De l’importance des clauses en matière de donation-cession de titres avec réserve d’usufruit

Posté le 25 mai 2021

Bref rappel préliminaire

L’avantage fiscal tiré d’une donation avant cession de titres, qui consiste pour les contribuables à donner des titres à des proches (généralement les enfants) avant leur cession à bref délai par les donataires, est désormais bien identifié.

Pour le calcul de la plus-value de cession, le prix de revient des titres est leur valeur au jour de la donation (CGI art. 150-0 D, 1).

La donation avant cession de titres permet ainsi de « purger » la plus-value latente et d’éluder le paiement de l’impôt sur le revenu (IR) et des prélèvements sociaux.

 

Qui est redevable de la plus-value de cession de titres démembrés ?

Lorsqu’il est procédé à une donation de titres avec réserve d’usufruit suivie de la cession simultanée de l’usufruit et de la nue-propriété des titres à un tiers, trois hypothèses doivent être distinguées (BOI-RPPM-PVBMI-20-10-20-60 n° 100).

En principe, le prix est réparti entre l’usufruitier et le nu-propriétaire selon la valeur respective des droits cédés, la cession étant susceptible de dégager deux plus-values imposables respectivement au nom de chacun des titulaires des droits démembrés (1e hypothèse).

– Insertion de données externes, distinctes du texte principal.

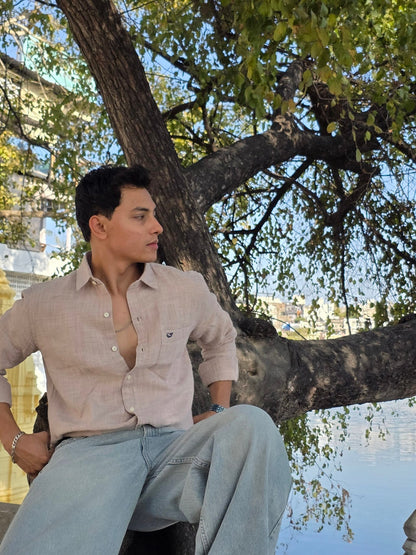 Pastel Pink F/S Linen Shirt image 4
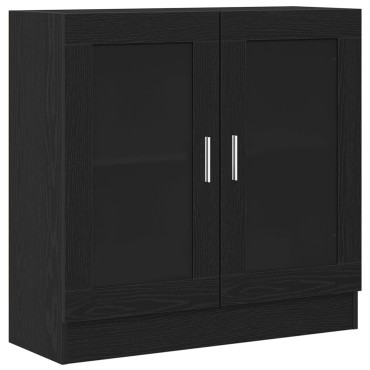 vidaXL Μαύρη Βιβλιοθήκη από Δρυ με διαστάσεις 82,5x30,5x80cm Φτιαγμένη από ξύλο 1 τεμ.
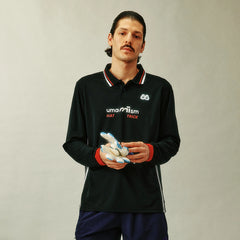 UMAMIISM Quick-Dry Striped Polo Long Sleeve Tee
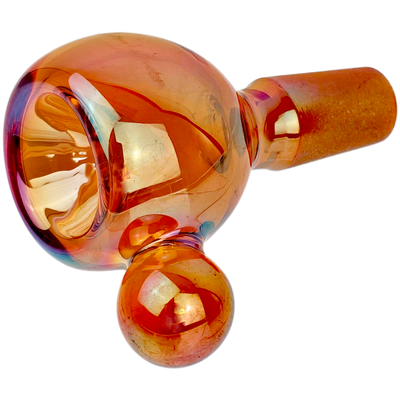 2.5" 14mm Iridescent Flower Bowl w/ Orb Handle - detail view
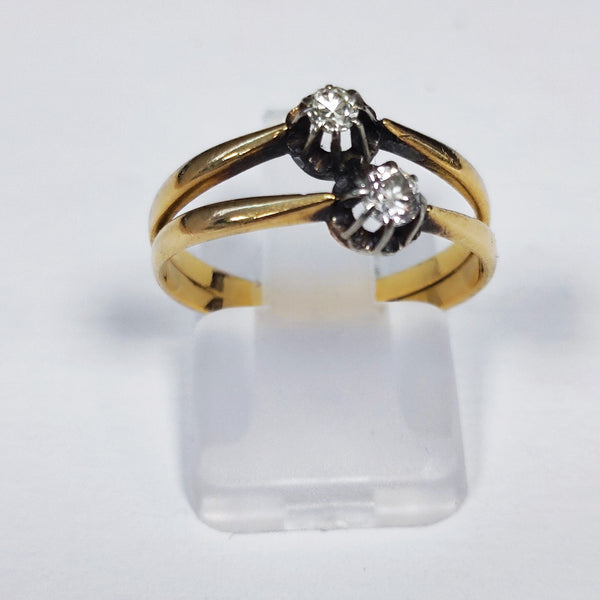 Bagues en Or Jaune 750/1000 avec 2 Diamants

Toutefois, les parties peuvent convenir d’une absence de répartition du prix de vente et :

·         soit d’une attribution intégrale du prix à l’usufruitier dans le cadre d’un quasi-usufruit, auquel cas une seule plus-value est imposable au nom de l’usufruitier (2e hypothèse) ;

·         soit d’un remploi du prix de vente dans des droits eux-mêmes démembrés, auquel cas une seule plus-value est imposable au nom du nu-propriétaire (3e hypothèse).

 

Les circonstances de l’affaire

Deux époux donnent à leurs enfants la nue-propriété de titres avec réserve d’usufruit, donation suivie 2 ans plus tard de la cession de titres dans le cadre d’une opération de rachat de ses propres titres par la société cédée.

La moitié du prix de cession est apportée à une SCI constituée entre les parents et leurs enfants, les intéressés se voyant attribuer, en contrepartie de leur apport, des parts sociales elles-mêmes démembrées.

Les deux époux donateurs considèrent, qu’en qualité d’usufruitiers, ils ne sont redevables d’aucune imposition sur la plus-value de cession, compte tenu de la clause de remploi figurant dans l’acte de donation (3e hypothèse).

À l’inverse, l’administration met à leur charge l’intégralité de la plus-value en leur qualité supposée de quasi-usufruitiers (2e hypothèse).

Dans un premier temps, le tribunal administratif donne raison à l’administration. Mais la cour administrative d’appel suit l’analyse des contribuables et annule le jugement du tribunal administratif.

 

La décision du Conseil d’État

Du caractère indifférent des circonstances postérieures à la cession…

La Haute Juridiction confirme l’analyse de la cour qui écarte la circonstance que le produit de la vente avait fait l’objet d’un remploi partiel pour déterminer le redevable de l’imposition de la plus-value.

En effet, c’est à la date du fait générateur, c’est-à-dire lors du transfert de propriété des titres, qu’il convient de se placer pour déterminer ce redevable : les circonstances postérieures à ce transfert sont indifférentes pour procéder à cette identification (CE 28-1-2019 n° 407305).

… au caractère déterminant des clauses (obligatoires) de l’acte de donation

Le Conseil d’État estime toutefois que la cour ne peut pas déduire de la clause de remploi du prix dans des droits démembrés figurant dans l’acte de donation le principe d’une imposition des nus-propriétaires, ce remploi présentant un caractère facultatif.

Un « pacte adjoint » signé postérieurement à la donation contient effectivement un engagement des nus-propriétaires à apporter à une SCI conjointement avec les donateurs une fraction des titres donnés. Toutefois, aucune stipulation de ce pacte ne définissait le « quantum » de cet apport. Cette indétermination de l’obligation de remploi faisait obstacle à l’imposition des nus-propriétaires à hauteur de la fraction des titres concernés par cet engagement.

En revanche, l’acte de donation donne aux donateurs un mandat exclusif pour gérer les fonds issus de la cession des titres, tout en interdisant aux nus-propriétaires, sauf accord exprès des usufruitiers, de demander un partage du prix de cession.

Les usufruitiers doivent donc être regardés comme redevables de l’intégralité de l’imposition de la plus-value en qualité de quasi-usufruitiers, conformément à l’analyse soutenue par l’administration.

  

Source : CE 9e-10e ch. 2-4-2021 n° 429187.